*WHAT IS REQUIRED*. Please transcribe the line with "Afbeelding van Cluse" and the lines after it through the end of the listing below, keeping both ends and nothing more.

*RECORD EXCERPTS*.
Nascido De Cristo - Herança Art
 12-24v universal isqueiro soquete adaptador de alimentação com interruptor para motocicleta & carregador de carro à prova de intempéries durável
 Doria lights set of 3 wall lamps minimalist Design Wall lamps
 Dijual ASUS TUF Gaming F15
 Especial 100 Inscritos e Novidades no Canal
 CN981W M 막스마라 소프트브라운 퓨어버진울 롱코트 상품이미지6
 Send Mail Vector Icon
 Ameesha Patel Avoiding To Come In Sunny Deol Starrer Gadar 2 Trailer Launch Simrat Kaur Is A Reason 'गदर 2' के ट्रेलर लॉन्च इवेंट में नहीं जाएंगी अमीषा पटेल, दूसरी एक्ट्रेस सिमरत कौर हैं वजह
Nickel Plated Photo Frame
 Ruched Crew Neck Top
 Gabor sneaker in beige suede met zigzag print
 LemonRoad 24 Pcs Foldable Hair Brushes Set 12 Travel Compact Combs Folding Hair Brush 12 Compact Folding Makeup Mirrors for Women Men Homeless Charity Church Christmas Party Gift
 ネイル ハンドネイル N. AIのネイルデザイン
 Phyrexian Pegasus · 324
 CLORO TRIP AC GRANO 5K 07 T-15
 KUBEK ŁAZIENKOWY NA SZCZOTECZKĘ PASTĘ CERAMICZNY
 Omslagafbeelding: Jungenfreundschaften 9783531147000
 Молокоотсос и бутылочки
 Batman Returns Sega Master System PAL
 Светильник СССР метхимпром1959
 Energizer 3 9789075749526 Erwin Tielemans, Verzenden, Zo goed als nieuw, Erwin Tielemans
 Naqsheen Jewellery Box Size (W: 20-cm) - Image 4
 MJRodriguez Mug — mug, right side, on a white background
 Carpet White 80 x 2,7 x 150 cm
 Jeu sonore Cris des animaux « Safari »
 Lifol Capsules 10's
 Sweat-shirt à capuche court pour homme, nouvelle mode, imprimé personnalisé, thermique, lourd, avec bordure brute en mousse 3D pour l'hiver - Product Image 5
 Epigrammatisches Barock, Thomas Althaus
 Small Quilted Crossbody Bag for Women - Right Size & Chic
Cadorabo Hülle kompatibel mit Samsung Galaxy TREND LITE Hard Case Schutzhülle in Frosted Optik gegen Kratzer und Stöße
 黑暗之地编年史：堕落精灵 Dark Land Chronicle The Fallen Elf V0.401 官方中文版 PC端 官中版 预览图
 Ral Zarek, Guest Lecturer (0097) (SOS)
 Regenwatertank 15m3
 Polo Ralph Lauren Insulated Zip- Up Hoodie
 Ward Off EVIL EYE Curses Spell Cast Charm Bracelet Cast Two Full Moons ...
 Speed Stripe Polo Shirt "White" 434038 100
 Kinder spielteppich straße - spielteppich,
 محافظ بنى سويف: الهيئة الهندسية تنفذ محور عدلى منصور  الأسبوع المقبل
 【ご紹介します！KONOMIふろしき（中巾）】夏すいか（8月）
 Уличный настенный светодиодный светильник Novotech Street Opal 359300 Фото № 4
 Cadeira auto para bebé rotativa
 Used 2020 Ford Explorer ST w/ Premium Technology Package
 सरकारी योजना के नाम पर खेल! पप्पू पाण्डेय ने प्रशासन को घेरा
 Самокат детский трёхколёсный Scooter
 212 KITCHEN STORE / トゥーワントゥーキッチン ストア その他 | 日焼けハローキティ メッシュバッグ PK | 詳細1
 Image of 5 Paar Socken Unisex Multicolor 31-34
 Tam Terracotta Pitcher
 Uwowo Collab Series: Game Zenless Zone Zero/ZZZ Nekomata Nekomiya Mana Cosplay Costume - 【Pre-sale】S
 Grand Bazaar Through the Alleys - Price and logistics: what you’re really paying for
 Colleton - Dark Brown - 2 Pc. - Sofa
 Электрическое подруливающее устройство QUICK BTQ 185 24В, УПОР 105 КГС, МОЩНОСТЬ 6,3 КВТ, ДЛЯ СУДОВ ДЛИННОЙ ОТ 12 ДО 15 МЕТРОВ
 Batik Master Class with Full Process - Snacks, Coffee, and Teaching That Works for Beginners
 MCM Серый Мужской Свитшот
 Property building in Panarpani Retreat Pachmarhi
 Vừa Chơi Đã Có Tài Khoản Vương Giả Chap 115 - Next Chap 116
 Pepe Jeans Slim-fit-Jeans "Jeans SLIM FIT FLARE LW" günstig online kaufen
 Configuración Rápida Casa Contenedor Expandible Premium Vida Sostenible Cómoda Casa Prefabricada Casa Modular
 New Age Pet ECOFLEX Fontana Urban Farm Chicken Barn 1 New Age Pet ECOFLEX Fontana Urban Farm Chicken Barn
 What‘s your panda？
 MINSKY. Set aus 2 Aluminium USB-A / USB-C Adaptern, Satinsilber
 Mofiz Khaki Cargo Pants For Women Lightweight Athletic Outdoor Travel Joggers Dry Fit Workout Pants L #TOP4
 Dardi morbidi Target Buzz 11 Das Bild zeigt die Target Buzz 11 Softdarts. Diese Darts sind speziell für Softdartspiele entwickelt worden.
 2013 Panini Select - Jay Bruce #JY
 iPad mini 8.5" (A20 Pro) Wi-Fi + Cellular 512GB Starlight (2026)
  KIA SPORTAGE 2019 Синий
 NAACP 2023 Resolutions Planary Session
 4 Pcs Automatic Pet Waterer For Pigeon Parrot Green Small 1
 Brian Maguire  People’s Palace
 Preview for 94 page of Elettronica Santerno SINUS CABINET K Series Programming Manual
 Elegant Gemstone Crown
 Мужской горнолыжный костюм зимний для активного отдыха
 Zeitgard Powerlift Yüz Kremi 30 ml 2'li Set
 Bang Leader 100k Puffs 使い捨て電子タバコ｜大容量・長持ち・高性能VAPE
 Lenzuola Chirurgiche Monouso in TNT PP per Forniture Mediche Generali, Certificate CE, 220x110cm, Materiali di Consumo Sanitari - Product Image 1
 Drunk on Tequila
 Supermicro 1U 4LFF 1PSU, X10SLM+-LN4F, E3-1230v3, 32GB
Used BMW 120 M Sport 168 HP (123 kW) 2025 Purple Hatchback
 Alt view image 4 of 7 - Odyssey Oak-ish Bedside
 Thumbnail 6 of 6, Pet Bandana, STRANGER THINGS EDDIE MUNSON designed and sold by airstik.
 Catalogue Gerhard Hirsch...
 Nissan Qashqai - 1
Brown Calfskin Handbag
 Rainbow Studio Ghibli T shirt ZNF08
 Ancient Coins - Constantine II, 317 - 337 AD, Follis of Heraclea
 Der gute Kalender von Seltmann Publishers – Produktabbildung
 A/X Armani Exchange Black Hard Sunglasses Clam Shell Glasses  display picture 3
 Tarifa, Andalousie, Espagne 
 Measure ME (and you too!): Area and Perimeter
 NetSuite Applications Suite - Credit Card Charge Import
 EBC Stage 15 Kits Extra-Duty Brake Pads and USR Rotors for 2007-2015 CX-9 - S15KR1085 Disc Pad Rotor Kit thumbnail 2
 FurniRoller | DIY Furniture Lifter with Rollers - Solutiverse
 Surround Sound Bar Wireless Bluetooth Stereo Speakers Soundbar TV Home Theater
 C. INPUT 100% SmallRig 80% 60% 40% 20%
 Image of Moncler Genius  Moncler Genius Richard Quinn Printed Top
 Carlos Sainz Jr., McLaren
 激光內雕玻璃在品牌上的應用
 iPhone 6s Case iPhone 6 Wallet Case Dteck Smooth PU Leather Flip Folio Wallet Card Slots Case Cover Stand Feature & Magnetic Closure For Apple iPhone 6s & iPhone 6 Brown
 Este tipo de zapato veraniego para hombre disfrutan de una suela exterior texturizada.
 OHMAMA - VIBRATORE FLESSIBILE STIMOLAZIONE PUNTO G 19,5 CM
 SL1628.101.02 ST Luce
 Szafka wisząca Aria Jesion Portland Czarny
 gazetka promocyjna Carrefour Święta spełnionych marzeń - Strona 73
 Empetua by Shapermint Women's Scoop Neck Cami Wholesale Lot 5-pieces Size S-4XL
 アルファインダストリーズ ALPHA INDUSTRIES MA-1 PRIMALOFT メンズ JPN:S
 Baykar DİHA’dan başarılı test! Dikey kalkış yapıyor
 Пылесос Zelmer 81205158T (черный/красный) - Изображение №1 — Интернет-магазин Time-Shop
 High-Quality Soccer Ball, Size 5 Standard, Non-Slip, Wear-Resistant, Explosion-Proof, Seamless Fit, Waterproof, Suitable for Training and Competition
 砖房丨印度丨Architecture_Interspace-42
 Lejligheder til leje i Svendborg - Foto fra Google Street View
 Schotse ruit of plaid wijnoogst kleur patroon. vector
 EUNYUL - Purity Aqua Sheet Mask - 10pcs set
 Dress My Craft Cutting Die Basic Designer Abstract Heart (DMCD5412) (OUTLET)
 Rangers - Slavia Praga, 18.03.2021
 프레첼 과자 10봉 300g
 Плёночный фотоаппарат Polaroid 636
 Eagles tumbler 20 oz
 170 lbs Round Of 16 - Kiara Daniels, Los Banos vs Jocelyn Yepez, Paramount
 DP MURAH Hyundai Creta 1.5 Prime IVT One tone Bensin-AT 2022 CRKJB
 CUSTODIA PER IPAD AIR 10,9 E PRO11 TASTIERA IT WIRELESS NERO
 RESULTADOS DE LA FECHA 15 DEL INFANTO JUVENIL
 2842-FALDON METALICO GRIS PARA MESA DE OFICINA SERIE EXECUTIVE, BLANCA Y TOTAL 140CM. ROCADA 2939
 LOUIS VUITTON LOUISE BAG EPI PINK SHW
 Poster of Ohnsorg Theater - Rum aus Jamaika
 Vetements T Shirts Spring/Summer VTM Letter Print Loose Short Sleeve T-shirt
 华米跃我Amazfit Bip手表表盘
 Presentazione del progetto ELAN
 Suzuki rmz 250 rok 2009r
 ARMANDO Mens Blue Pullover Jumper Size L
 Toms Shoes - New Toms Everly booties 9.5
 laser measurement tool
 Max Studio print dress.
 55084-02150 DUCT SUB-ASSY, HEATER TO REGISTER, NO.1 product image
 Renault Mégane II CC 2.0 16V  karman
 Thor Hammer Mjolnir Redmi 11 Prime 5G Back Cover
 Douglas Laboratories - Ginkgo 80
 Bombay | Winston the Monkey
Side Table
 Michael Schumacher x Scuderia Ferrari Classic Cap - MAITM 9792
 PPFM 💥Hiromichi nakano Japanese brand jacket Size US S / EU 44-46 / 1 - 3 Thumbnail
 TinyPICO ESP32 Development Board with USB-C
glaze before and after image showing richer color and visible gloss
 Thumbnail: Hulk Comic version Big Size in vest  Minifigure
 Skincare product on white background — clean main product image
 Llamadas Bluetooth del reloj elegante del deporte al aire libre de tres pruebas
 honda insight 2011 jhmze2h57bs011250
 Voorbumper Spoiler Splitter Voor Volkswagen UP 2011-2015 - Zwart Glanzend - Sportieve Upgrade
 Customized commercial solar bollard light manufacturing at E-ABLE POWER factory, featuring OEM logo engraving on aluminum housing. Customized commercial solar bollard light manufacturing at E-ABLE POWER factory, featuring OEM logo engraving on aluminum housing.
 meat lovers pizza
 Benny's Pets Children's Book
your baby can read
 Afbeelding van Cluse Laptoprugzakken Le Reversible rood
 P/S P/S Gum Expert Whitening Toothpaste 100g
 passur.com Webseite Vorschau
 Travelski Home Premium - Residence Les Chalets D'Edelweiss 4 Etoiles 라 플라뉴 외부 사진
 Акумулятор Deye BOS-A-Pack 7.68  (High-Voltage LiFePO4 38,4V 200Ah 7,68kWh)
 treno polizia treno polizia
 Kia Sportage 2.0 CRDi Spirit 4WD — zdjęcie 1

*EXPECTED ANSWER*.
 Afbeelding van Cluse Laptoprugzakken Le Reversible rood
 P/S P/S Gum Expert Whitening Toothpaste 100g
 passur.com Webseite Vorschau
 Travelski Home Premium - Residence Les Chalets D'Edelweiss 4 Etoiles 라 플라뉴 외부 사진
 Акумулятор Deye BOS-A-Pack 7.68  (High-Voltage LiFePO4 38,4V 200Ah 7,68kWh)
 treno polizia treno polizia
 Kia Sportage 2.0 CRDi Spirit 4WD — zdjęcie 1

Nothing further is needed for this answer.